The experiment demonstrated the following sequence: (1) a brain signal occurs about 550 milliseconds prior to the person’s finger moving; (2) the person is aware of his decision to move his finger about 200 milliseconds prior to his finger moving; and (3) the person’s finger moves.

This was interpreted as evidence by Hawking that we don’t have free will. The decisions we make are actually prompted by brain activity before we are conscious of making a decision. The conclusion is that we are responding to some prior stimuli and only think that we are making independent decisions.

This experiment was only one experiment in a series of experiments that demonstrate such things as the cosmological constants that that we learn in physics and the apparent indeterminism that we appear to see in quantum mechanics. Each experiment, however, that to the conclusion that our world and even we are determined by natural laws in an endless stream of cause and effect.

Ancient Greeks might have called it fate. Modern science calls it determinism. We have even have a religious term for this apparent phenomenon: predestination.

I think that skepticism of what we think we know is a good thing. The Apostle Paul seems to agree when he encourages people to “test everything”. Therefore, I dug a little deeper and found that the scientist who first conceived and conducted these experiments, Benjamin Libet, actually came to the opposite conclusion.

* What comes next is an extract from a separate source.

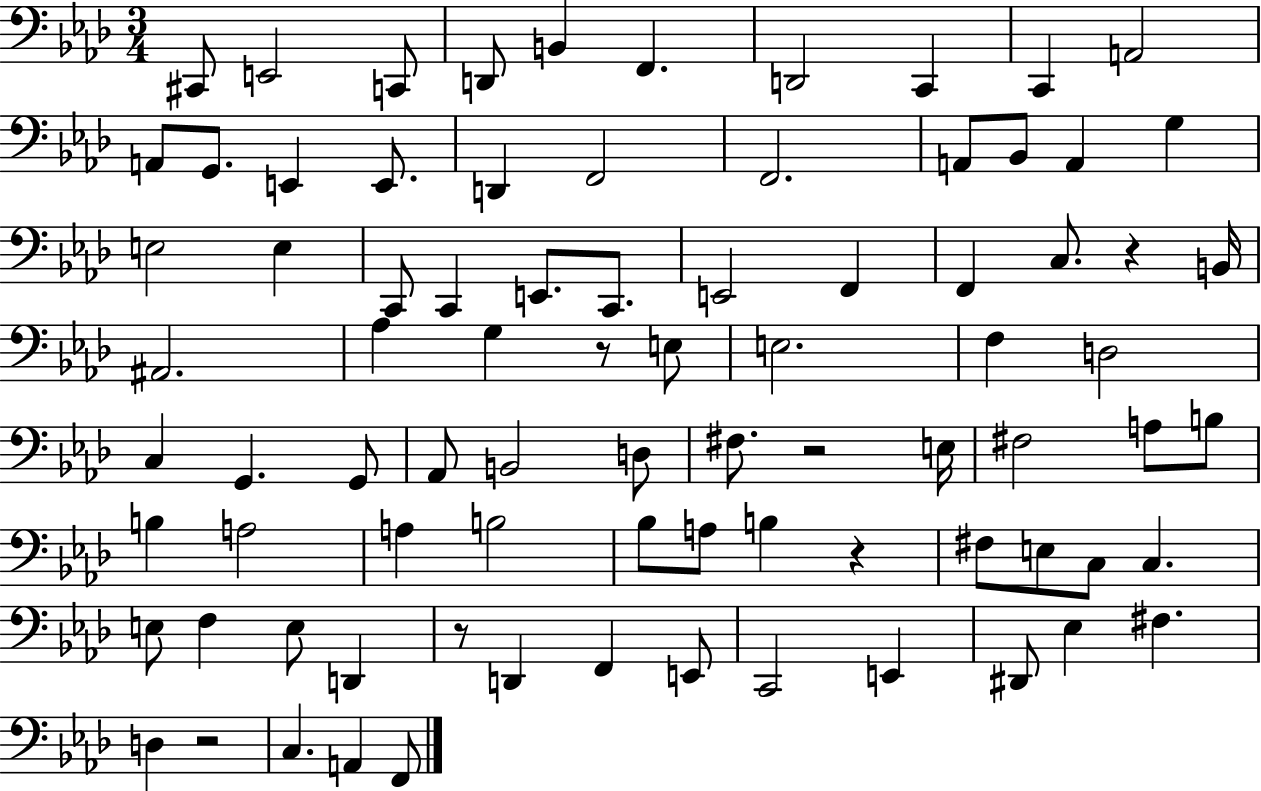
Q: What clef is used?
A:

Scientific experiments like this often seem hyper-theoretical, but they can have some practical application. As I dug deeper and sought greater understanding of what is going on in these experiments and what it means for you and I, I find some interesting applications to our struggles with sin.

Benjamin Libet is described as “a pioneering scientist in the field of human consciousness”, and he “was the first recipient of the Virtual Nobel Prize in Psychology” for these experiments. (See Wikipedia) The experiment Hawking duplicated in the television series was designed to demonstrate that the unconscious electrical processes in the brain precede conscious decisions to perform what seem to be volitional, spontaneous acts. The apparent implication is that unconscious neuronal processes precede and maybe even cause actions we perceive to be the product of our choices, but we only retrospectively perceive them to be consciously motivated.

Wikipedia seems to describe Libet how materialists would describe themselves (presumably) – a non-dualist. But, Libet does not fit neatly into that box. He found something else at work in his experiments, something he coined the “free won’t”. “Libet’s own conclusion is that we do have conscious volition, but that volition is exercised in the form of  “the power of veto”. It isn’t operative in the initiative to take action.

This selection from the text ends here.